Hyundai Tigers and Mobis Phoebus

7 12 2009

Attending a sports event in Korea is definitely an experience. Of course, you’ll have the hardcore fans, the pride of a city and a good sports team or a not-so-good sports team, but what is different about going to a sports event in Korea is the entertainment and cheering props.

Our first weekend here, we went to a soccer game; Ulsan Hyundai Tigers versus Busan I’Park. The game took place at Munsu Stadium (AKA Big Crown Stadium), site of the 2002 FIFA World Cup. The stadium wasn’t full on that Sunday night, but the fans made up for it. Instead of a marching band, they had huge drums that filled the stadium with a roaring sound.

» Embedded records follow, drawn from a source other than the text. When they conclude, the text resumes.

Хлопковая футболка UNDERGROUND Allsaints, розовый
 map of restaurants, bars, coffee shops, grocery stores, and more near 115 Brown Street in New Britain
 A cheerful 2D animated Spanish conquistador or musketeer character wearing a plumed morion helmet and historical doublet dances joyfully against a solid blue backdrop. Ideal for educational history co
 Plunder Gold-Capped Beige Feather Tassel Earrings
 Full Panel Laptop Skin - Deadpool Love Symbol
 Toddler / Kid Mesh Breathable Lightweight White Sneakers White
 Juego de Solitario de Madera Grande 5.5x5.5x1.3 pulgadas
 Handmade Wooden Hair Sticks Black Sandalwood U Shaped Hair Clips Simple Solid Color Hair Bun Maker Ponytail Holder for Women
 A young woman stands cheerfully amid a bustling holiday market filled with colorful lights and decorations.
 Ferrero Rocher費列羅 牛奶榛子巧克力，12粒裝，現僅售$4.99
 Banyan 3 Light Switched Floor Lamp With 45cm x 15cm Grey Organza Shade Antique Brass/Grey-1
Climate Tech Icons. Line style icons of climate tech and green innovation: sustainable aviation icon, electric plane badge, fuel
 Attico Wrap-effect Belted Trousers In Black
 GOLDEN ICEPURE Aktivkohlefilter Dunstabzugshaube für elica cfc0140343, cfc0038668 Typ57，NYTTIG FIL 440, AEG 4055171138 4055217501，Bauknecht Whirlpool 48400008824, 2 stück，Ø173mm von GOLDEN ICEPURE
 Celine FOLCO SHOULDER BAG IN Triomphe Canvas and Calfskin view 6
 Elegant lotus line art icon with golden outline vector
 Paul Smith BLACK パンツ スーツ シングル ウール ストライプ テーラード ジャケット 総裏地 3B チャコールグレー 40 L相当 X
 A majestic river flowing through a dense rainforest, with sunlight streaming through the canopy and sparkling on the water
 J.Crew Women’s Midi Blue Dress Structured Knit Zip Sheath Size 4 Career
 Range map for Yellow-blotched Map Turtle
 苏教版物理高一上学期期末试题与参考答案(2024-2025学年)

The soccer team didn’t have cheerleaders and the halftime show was a surprise. They had women dressed in some sort of traditional Hindi/belly dancing costume and belly danced for a few minutes. Then, little did we know that we were sitting next to the fireworks set up! Huge fireworks shot to the sky and the ashes and remains fell on us. The only time there are fireworks for halftime shows in America are for the Super Bowl. Koreans go all out for things that seem so minute to us.

A basketball game is something to experience as well. A few weeks ago, the Ministry of Education (MOE) set up a semi-sports day for the foreign teachers. We went a gym at an elementary school and played basketball, foot volleyball, hoola-hooped, had a three-legged race and pretty much played like 7 year olds again.

After our day of games and prizes, we went to the Ulsan Mobis Phoebus basketball game. As we walked in the stadium, we could feel the energy of the fans. The basketball players were as tall as ever but the cheerleaders were very unique. Their uniforms didn’t even match those of the basketball players. They wore hot pink tops and skirts with high-top white shoes. After half-time, they changed their clothes to white t-shirts and a pleated jean skirt. They had fake eyelashes and held their pom poms loosely. The MOE scheduled a photo shoot with the cheerleaders after the game, but we haven’t seen the pictures yet. We had a special section for all of the teachers. They gave us their version of hand clappers, two long balloons that make a lot of noise when you bang them together.

The major difference I noticed at the basketball game was when the players started to play. If Ulsan had the ball, they would play loud music until the other team had the ball. In America, it’s okay to cheer while the game is going on, but it is disrespectful to play music while the teams are playing. Sometimes, I didn’t even know they had started a new play because the music was so loud. But, Ulsan won! And we got more prizes! I won a ferry ride from Busan to Jeju Island.